If someone were to ask me
“what are the biggest influences on your therapy philosophy” they would be (in
no particular order)
·
Stuart McGill
·
The biopsychosocial approach popularized by
Lorimer Moseley, David Butler & Peter O’Sullivan
·
SFMA
·
Tim Gabbett
·
Good ol’ strength & conditioning (S&C)
·
And Robin McKenzie and the McKenzie Method (MDT)
During one of my clinical
placements I worked with several strict McKenzie therapists – including Richard
Rosedale who teaches many of the courses. Through the placement, and through
all of my jobs, I’ve been quite happy with the results I’ve gotten from MDT –
however I’d be lying if I said I didn’t need to adjust things along the way. 2
years ago I wrote an article
critiquing MDT which would become my 2nd most viewed article. The
focus of this article is to showcase how I’ve adapted the method, and my
principles, to better suit the needs of my clientele.
Disclaimer: I am writing this assuming that you have a
base knowledge of MDT. If you’re not reasonably familiar with the method I
recommend you take the time to do a course and/or read the books in order to
have a basic understanding of MDT. It’s more than just “chin tucks” or “sloppy
pushups” and should be understood for what it is, not the bastardized version.
With that out of the way – here are the modifications
I’ve used
1) Test non-painful directions first
The MDT therapists that I worked with in school taught me
to test the most painful and/or most restricted movement directions first to
see if a directional preference could be found that would improve symptomatic
or functional baselines.
However – I found that about 50% of patients would
benefit whereas the other 50% would be flared up … even more so for chronic
cases.
I got more bang for the buck testing non-painful
directions (where applicable) first. Then, if that didn’t produce any effect
and didn’t flare up symptoms, I would then proceed to look at other directions
of movement or positioning. I found by getting as much out of non-painful
movement as possible that patients adhered to exercises better and got better
results.
2) (For more irritable clients) Only test 1-3 “symptom
modifiers” per session
As such – I recommend testing no more than 2 or 3 symptom
modifiers, whether that’s different positions and/or repeated movements in a
direction, in a session. If it ain’t working it ain’t working. Don’t beat them
up physically or psychologically.
3) (For more irritable clients with spinal pain) Test positions
first – then work your way up
Even though MDT is predominantly associated with neck
& low back pain (even though it can be applied to all joints) I never got
what I wanted out of it with respect to spinal pain – particularly with neck
pain.
Many people I see with spinal pain in my current job are
more chronic & globally sensitized cases that have constant pain that’s
aggravated by every position & movement. Many of the chronic, insidious
onset neck pain cases tend to follow suit.

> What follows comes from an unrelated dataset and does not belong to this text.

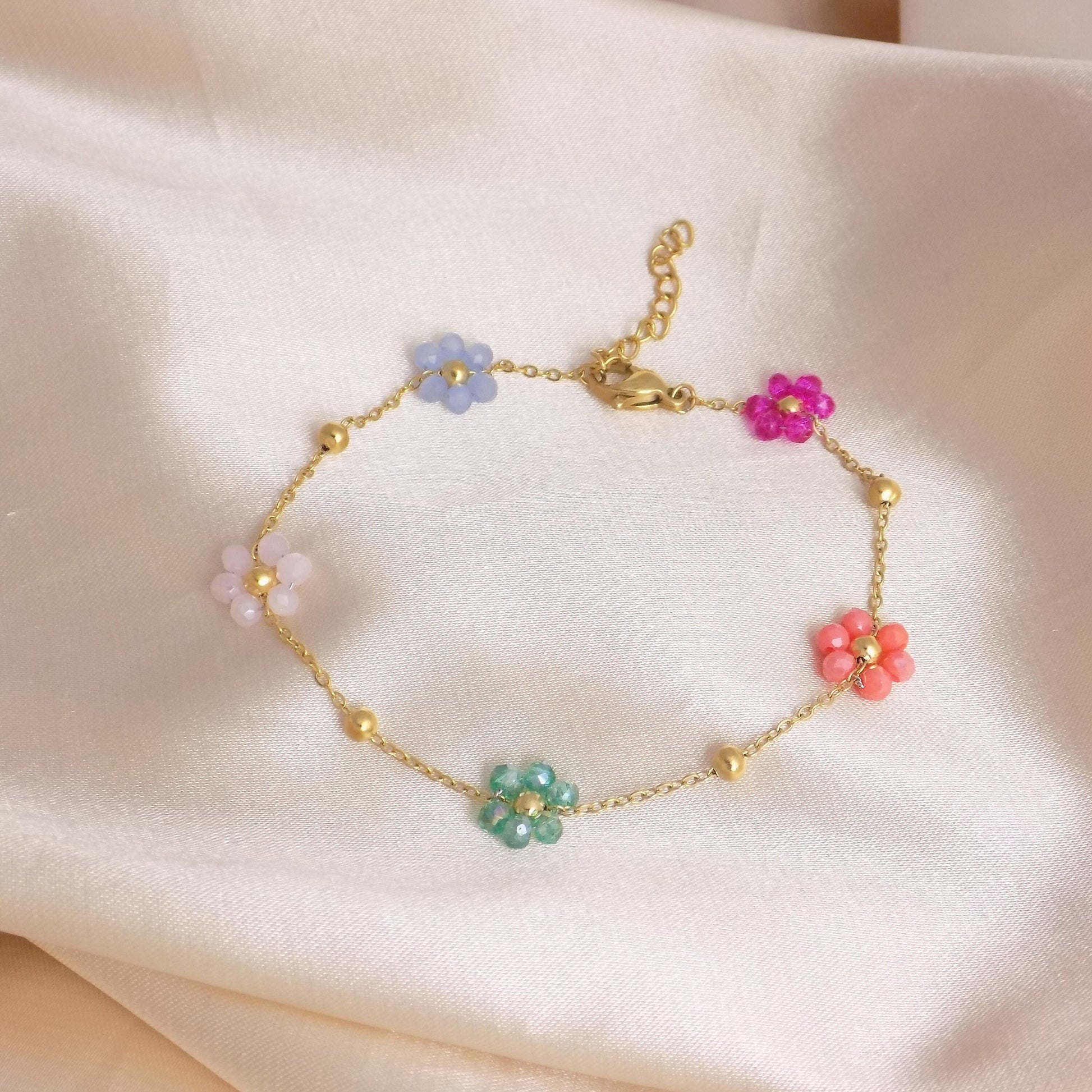 Tiny Colorful Flower Bracelet 18K Gold Stainless Steel - Pink Green Blue Beaded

For these more irritable cases I usually just test static
positions first (i.e. lying/sitting in a more flexed or extended position) to
see if that provides some symptomatic relief or functional improvement – and
then go from there. I’ve found many do find a position that finds relief but
don’t necessarily tolerate repeated spinal movements in any direction.
4) Use it within a comprehensive approach
My second big knock against MDT, other than the ability
to potentially flare patients up, is that it could be more comprehensive. What
does this mean? Breaking it down by area I like to also look at
·
Psychosocial factors & beliefs: which MDT
does and was way ahead of its time on
·
Endurance, strength & control of the
affected area & other joints
·
Workload management: this is where Tim Gabbett’s
stuff comes in
·
General lifestyle factors like sleep &
bodyweight management
Repeated knee flexions may temporarily improve a person’s
pain or their ability to do stairs – but if they’re running way more than they
have in the past & flaring up their symptoms with it than you may not get
far. Your client with discogenic back pain and a directional preference to
lumbar extension may not make much progress if their hips & ankles are so
stiff that they have to flex their spine excessively anytime they bend over.
If you have a directional preference that’s great – but
if any of these other factors are heavily contributing to an individual’s
sensitivity then they need to be addressed to allow for optimal recovery.
5) Know when to bail
Sometimes clients don’t have a directional preference to
repeated movements or positions and/or it just flares them up everywhere.
Sometimes those aren’t right for everyone and then patients have to be shifted
to, and treated appropriately, within the “other” categories (refer to the
books and courses for more detail on those).
MDT can be a useful part of a comprehensive therapy
program – but it does need to be adapted to the individual. I hope this article
provides some insight into how I adapt the method. As always – thanks for
reading.
It’s fascinating to see how you’ve tailored the McKenzie Method over the years. I’ve also found that adapting established techniques can make a huge difference in client outcomes. As my friend is a Sureway NDIS psychosocial recovery coach, I've observed that personalising methods to suit individual needs is crucial for progress. Your approach to MDT seems to embody that philosophy perfectly. Thanks for sharing your insights!